Ubuntu Community Council

Very quietly, the Ubuntu community reached a major milestone today when we held a Community Council meeting, like it does fortnightly. The only thing different was that the council included five new members — Mike Basinger, Corey Burger, Matthew East, Jerome S. Gotangco and Daniel Holbach. These members are, with the exception of Holbach, not employed by Canonical and were each confirmed by a vote of the full Ubuntu membership. Before the recent elections, I was the only member who was not a Canonical employee — and I used to be one.

From a technical perspective, the founding Ubuntu team was able to benefit from everything that Debian had built — a running start if there ever was one. From a community perspective though, we had to start from scratch and had to deal with the very difficult situation that paid labor and closely entangled corporate interests. Working with the rest of the team, I drafted a set of community norms (the Code of Conduct) and governance structures designed to keep both the community and Canonical under control. They seemed like good ideas but, because we didn’t have a community yet, only reflected the sensibilities of Mark Shuttleworth, myself, and the rest of the early Ubuntu team. The highest Ubuntu governance board, the Community Council was initially filled with people that were in the room in Oxford when we came up with the idea: myself, Mark, James Troup, and Colin Watson. We decided that the council members should, and would, be approved by a vote of the membership. With no members though, we faced a bit of a bootstrapping problem.

Three years later, Ubuntu has a vibrant community with hundreds of enfranchised members who have an up-or-down say on the members of the council itself. When we looked for new potential council members to propose to the community, we tried to pick the most active, most level-headed, and most representative group we could find. It was pleasing to see that only one member of the new CC board works for Canonical; Canonical employees are now outnumbered.

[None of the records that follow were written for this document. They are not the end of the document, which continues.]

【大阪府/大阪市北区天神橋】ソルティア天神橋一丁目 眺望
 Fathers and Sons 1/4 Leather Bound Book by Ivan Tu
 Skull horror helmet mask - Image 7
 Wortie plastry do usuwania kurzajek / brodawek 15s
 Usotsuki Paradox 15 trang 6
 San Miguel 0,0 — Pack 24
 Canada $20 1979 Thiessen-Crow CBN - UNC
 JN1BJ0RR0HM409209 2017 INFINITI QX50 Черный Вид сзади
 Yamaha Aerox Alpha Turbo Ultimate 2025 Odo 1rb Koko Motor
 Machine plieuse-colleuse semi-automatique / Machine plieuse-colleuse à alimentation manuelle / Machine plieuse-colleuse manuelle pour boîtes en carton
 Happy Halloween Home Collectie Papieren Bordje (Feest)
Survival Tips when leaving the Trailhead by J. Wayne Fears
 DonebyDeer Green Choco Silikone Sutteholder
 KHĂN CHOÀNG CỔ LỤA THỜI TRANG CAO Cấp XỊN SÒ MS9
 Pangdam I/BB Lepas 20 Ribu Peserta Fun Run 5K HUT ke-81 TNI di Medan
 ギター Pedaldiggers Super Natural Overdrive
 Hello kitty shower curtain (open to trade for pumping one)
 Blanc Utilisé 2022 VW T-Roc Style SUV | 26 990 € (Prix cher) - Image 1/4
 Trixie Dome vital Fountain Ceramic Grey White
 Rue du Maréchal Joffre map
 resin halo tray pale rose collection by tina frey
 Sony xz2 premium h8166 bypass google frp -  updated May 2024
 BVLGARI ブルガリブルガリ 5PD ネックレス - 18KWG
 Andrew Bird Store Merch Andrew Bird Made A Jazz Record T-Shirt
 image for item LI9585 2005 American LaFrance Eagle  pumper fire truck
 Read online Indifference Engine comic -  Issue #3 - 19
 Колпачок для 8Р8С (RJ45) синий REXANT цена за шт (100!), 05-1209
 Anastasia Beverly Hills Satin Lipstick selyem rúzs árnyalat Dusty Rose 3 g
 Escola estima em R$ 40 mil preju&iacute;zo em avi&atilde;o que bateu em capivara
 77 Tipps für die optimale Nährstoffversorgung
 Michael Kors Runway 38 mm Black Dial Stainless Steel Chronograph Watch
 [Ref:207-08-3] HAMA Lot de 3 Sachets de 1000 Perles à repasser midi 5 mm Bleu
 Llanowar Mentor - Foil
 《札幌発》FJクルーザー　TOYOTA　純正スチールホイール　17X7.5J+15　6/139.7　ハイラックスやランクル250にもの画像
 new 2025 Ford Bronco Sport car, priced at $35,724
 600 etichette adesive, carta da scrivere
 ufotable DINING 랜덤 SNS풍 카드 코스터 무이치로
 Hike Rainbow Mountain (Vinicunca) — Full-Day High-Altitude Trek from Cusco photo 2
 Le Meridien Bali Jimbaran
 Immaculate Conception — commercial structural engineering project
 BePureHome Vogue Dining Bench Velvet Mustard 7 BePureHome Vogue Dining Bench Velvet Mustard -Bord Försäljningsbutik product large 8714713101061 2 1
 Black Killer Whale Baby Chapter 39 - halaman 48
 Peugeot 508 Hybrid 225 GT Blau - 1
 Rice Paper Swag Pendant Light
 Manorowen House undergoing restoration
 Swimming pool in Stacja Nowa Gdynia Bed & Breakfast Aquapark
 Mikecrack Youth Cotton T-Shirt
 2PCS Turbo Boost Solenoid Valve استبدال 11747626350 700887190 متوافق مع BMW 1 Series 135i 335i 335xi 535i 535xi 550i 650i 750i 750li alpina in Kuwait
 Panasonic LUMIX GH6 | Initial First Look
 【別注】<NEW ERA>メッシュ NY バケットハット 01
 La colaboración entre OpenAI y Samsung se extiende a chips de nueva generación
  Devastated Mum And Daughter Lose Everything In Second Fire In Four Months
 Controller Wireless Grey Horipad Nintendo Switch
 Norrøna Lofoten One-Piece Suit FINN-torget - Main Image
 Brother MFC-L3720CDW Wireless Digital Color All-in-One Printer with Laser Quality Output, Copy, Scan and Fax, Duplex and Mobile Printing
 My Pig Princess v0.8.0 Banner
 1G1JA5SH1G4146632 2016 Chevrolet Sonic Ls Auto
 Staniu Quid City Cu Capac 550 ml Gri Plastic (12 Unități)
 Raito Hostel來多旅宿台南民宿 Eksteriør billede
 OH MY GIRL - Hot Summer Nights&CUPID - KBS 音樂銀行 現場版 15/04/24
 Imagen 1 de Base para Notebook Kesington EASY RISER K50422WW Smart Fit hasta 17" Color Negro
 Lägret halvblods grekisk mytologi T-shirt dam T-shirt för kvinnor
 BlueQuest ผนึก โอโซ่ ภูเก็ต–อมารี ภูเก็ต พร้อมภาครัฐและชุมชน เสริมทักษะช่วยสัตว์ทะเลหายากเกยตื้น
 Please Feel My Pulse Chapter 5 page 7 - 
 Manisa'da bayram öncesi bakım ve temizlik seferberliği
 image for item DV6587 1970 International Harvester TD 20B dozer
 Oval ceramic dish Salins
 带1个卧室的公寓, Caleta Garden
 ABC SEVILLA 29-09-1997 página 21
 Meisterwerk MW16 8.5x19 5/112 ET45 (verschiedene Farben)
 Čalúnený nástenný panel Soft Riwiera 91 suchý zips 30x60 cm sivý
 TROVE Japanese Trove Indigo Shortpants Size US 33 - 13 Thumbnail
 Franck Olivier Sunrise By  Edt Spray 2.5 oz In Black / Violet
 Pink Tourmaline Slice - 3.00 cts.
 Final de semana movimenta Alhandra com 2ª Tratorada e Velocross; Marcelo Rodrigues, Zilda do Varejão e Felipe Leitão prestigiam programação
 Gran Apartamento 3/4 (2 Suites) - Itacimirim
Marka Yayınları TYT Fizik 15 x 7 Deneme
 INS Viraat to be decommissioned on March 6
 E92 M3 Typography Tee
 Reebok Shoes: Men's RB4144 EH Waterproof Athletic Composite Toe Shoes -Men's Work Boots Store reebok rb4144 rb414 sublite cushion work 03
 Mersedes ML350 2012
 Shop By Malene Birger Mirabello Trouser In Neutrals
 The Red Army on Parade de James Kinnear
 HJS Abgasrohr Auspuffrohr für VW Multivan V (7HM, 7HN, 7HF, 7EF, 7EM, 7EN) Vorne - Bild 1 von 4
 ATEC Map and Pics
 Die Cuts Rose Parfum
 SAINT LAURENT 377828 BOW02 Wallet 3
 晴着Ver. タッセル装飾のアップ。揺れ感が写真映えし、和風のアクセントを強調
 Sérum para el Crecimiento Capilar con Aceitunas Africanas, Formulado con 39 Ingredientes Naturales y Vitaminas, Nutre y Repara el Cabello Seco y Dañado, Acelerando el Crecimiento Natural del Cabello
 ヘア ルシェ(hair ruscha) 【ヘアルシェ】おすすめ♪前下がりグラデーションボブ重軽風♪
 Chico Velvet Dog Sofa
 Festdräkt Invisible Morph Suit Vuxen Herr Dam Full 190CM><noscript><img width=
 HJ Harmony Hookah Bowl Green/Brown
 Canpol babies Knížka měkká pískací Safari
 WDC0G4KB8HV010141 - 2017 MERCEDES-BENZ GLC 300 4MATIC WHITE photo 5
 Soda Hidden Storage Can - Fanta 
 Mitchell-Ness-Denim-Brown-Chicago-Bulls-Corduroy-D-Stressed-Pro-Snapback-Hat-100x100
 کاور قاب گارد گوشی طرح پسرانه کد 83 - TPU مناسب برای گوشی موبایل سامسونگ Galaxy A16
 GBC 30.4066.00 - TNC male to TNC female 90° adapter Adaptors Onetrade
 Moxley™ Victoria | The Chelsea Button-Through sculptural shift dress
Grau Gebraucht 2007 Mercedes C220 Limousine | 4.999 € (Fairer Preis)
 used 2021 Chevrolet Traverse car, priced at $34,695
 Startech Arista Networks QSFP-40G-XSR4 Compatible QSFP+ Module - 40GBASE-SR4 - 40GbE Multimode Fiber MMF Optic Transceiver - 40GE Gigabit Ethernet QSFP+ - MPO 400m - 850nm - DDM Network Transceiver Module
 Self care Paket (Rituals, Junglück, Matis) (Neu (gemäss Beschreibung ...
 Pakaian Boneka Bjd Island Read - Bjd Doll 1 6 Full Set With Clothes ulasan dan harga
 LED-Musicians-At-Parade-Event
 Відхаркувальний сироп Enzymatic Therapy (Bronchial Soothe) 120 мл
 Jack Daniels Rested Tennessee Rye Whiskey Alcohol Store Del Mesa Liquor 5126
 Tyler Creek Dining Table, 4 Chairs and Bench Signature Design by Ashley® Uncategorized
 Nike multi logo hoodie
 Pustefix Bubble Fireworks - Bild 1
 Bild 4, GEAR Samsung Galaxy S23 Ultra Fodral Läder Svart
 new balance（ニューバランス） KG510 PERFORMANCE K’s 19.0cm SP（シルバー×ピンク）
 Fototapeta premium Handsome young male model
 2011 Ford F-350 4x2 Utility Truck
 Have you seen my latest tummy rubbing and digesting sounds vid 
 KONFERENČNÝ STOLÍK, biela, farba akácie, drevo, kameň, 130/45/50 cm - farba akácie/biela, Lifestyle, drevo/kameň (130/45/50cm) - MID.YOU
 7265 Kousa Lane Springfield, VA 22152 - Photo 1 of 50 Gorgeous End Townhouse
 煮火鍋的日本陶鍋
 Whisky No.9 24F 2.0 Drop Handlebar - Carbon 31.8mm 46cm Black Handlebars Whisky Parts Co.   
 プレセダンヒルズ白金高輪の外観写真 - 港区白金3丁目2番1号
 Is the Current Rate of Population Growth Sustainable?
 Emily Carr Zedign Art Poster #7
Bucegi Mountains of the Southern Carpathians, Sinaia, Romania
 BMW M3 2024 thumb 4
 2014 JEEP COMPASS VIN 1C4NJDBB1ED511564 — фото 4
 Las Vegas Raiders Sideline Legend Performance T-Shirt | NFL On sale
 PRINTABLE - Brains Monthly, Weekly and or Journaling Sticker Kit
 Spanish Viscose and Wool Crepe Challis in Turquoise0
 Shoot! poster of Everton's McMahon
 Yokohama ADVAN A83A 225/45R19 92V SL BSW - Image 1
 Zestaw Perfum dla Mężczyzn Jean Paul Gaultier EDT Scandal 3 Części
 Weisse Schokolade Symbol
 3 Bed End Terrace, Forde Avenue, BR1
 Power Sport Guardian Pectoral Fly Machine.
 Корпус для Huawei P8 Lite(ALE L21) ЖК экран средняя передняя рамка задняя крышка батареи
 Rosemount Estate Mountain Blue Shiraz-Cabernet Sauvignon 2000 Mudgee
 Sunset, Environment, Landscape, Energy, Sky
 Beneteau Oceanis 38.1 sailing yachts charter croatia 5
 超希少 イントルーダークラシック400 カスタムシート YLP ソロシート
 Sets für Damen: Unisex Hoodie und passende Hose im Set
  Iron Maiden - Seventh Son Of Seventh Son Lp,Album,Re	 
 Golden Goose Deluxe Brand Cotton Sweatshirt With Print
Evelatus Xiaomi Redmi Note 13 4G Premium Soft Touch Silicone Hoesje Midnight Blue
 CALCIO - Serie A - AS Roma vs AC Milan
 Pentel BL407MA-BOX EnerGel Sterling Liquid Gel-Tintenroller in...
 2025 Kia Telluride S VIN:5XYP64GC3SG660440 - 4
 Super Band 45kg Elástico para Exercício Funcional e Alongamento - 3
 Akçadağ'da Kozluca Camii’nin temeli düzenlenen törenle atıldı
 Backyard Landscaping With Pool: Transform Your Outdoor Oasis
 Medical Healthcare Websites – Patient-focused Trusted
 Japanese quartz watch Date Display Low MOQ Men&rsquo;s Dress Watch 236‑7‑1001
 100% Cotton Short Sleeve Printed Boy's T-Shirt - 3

It has been interesting to see announcements by Fedora, FreeSpire, OpenSuSE over the last few years proposing systems of more inclusive community governance structures that, perhaps not entirely coincidentally, look a bit like what Ubuntu has built in its attempts to empower users in that sometimes awkward community/company environment. Whatever the reasons, I think it means there’s more pressure on us at Ubuntu to keep raising the bar. I see today as a great example of how we’ve done just that.